*** Begin section ***
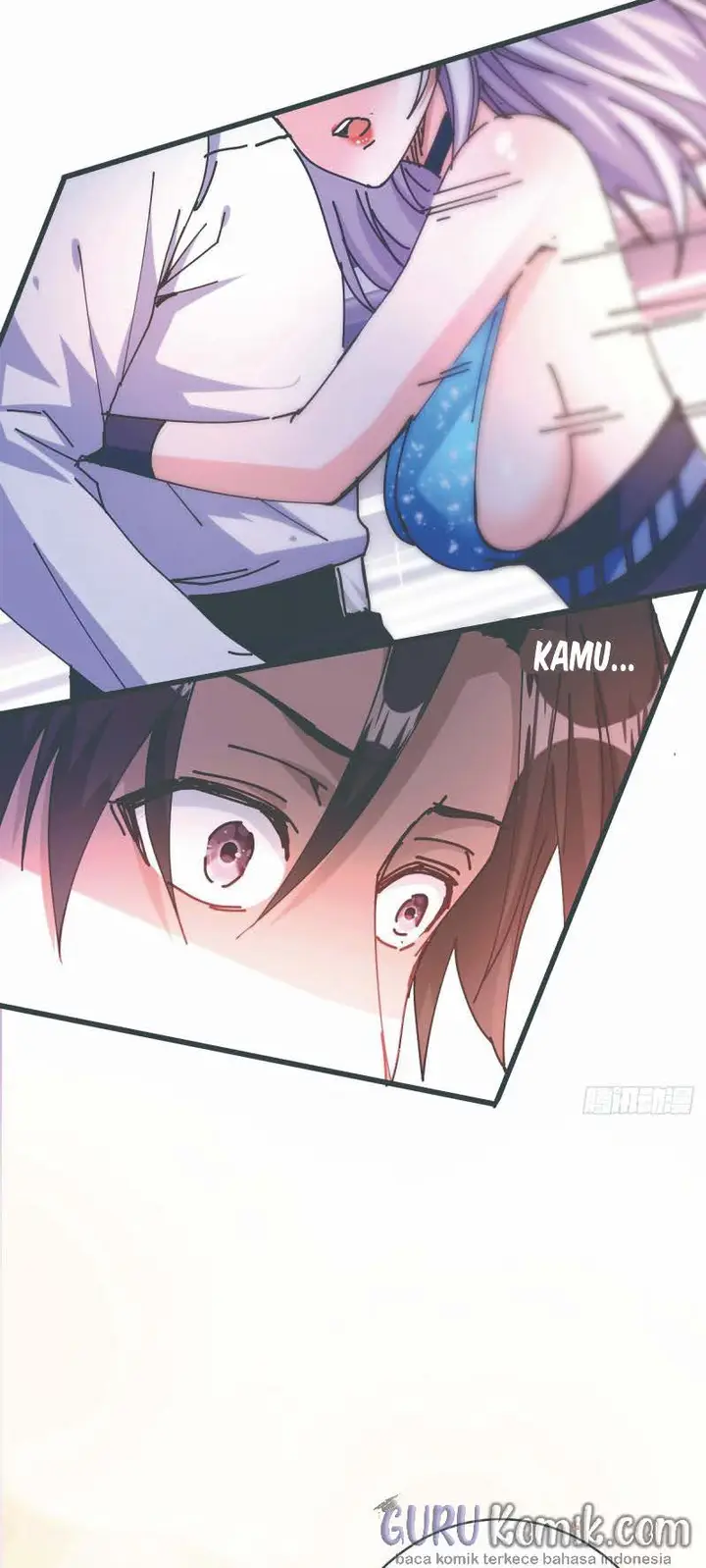 image-komik-god-of-war-dragon-son-in-law-chapter-12.1-14/22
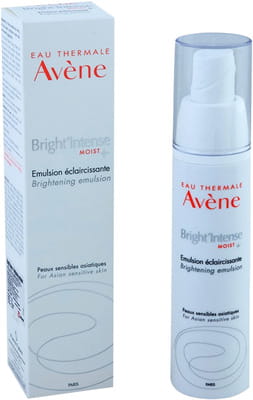View product image 3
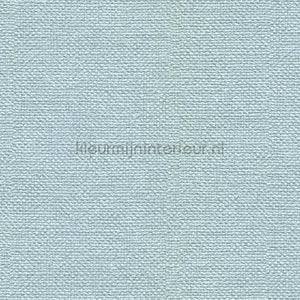 Arte Contract Sapphire 67453 | Bestellen bij https://www.kleurmijninterieur.nl/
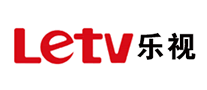 乐视Letv怎么样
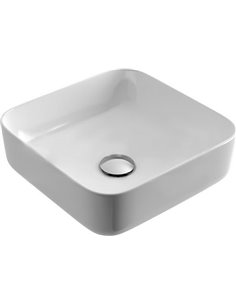 Excellent Wash-Hand Basin Actima Cori 38 - 1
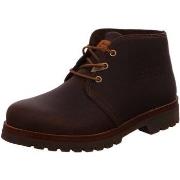 Bottes Panama Jack -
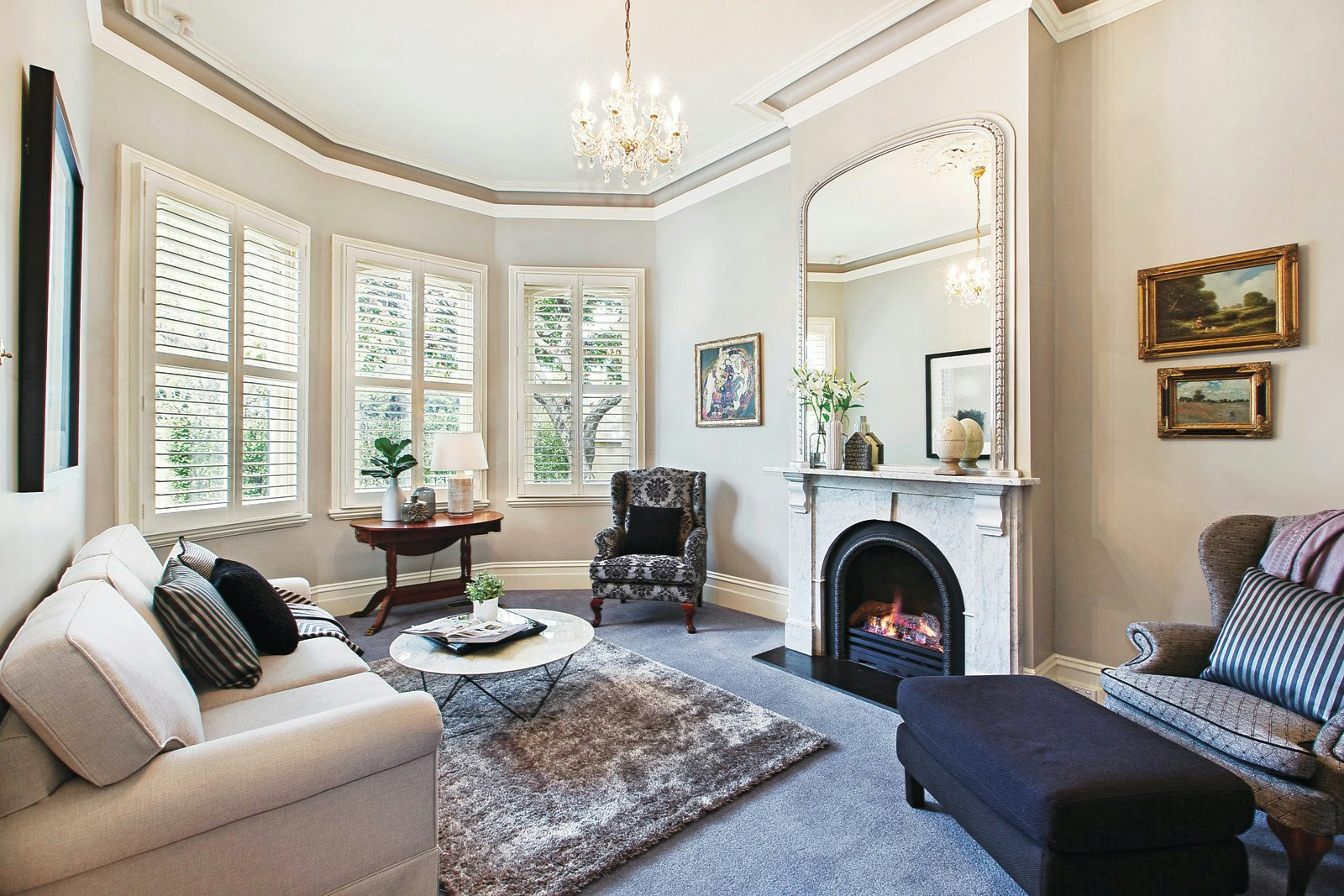 71 Canterbury Road, Middle Park, VIC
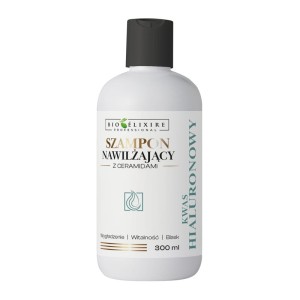 bioelixire-professional-szampon-nawilzajacy-z-kwasem-hialuronowym-i-ceramidami-300-ml.jpg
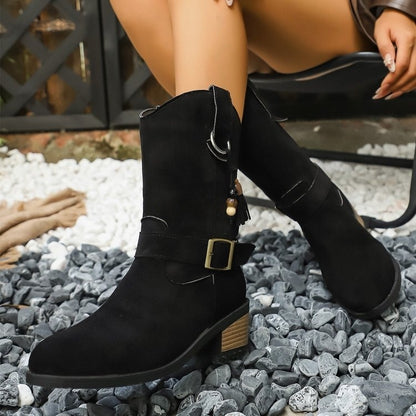 Martin Boots - Premium Best Boot Deal | Everyday Home Deal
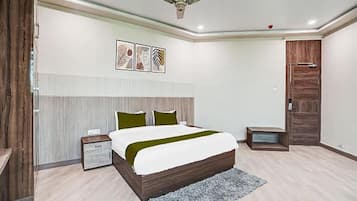 Bộ trải giường bằng vải cotton Ai Cập, bộ đồ giường cao cấp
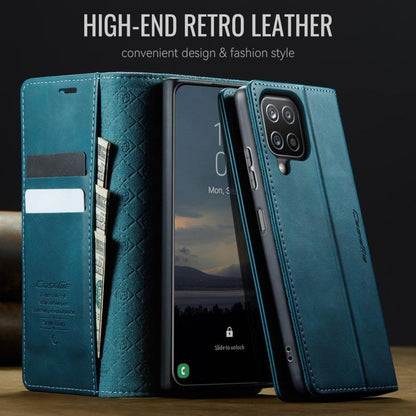 SYA002921810D_3.jpg@43344daafacb31215cf1591776d6094b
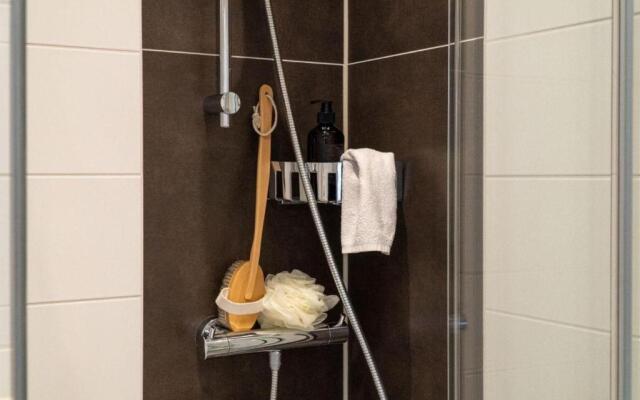 Ferienpark-Heiligenhafen-Haus-I-Wohnung-08-08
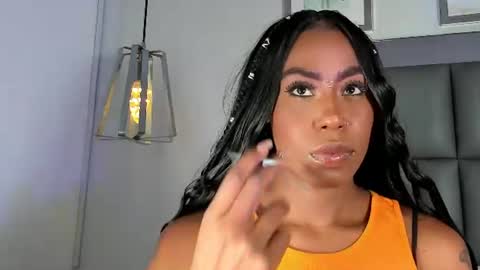 kataleya_west online show from 07-13-26, 02:20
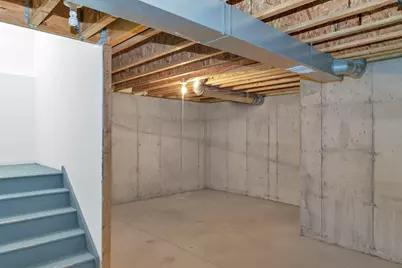 3311 Lafayette Street, Elgin, IL 60123 - Photo 46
*** End section ***
▸ TO DO:
The records above should be returned exactly, with only their pictures held back.

▸ SOLUTION:
 image-komik-god-of-war-dragon-son-in-law-chapter-12.1-14/22
View product image 3
 Arte Contract Sapphire 67453 | Bestellen bij https://www.kleurmijninterieur.nl/
 乐视Letv怎么样
 Excellent Wash-Hand Basin Actima Cori 38 - 1
 Bottes Panama Jack -
 71 Canterbury Road, Middle Park, VIC
 bioelixire-professional-szampon-nawilzajacy-z-kwasem-hialuronowym-i-ceramidami-300-ml.jpg
 Martin Boots - Premium Best Boot Deal | Everyday Home Deal
 Bộ trải giường bằng vải cotton Ai Cập, bộ đồ giường cao cấp
 SYA002921810D_3.jpg@43344daafacb31215cf1591776d6094b
 Ferienpark-Heiligenhafen-Haus-I-Wohnung-08-08
 kataleya_west online show from 07-13-26, 02:20
 3311 Lafayette Street, Elgin, IL 60123 - Photo 46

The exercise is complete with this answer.